== Segment start ==
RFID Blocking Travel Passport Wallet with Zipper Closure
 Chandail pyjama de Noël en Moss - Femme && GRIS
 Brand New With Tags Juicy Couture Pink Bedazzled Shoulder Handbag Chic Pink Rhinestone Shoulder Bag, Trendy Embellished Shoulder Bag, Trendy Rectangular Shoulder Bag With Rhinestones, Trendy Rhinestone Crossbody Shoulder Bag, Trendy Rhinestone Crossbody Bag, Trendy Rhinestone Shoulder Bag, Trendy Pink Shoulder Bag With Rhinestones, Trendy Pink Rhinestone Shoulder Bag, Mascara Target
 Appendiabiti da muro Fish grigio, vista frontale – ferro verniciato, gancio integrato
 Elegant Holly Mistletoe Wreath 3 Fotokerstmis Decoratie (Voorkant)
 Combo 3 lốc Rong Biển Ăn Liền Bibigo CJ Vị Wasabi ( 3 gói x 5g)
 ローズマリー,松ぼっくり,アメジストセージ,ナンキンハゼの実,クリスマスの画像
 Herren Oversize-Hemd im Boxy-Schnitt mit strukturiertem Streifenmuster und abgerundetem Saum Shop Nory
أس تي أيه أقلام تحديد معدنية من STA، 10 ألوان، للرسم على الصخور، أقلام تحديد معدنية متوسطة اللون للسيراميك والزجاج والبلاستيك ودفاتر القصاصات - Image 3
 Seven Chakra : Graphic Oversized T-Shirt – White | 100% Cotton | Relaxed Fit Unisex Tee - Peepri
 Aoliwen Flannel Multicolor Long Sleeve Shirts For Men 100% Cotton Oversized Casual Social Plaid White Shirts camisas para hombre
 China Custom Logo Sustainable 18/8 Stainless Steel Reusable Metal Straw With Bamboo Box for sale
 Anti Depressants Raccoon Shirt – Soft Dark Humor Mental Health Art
== Segment end ==
**TASK GOAL**
The exact lines of the material above starting at the one that contains "Elegant Holly Mistletoe" and ending at the one that contains "Herren Oversize-Hemd im" are what to retype; leave out everything else.

**YOUR SOLUTION**
 Elegant Holly Mistletoe Wreath 3 Fotokerstmis Decoratie (Voorkant)
 Combo 3 lốc Rong Biển Ăn Liền Bibigo CJ Vị Wasabi ( 3 gói x 5g)
 ローズマリー,松ぼっくり,アメジストセージ,ナンキンハゼの実,クリスマスの画像
 Herren Oversize-Hemd im Boxy-Schnitt mit strukturiertem Streifenmuster und abgerundetem Saum Shop Nory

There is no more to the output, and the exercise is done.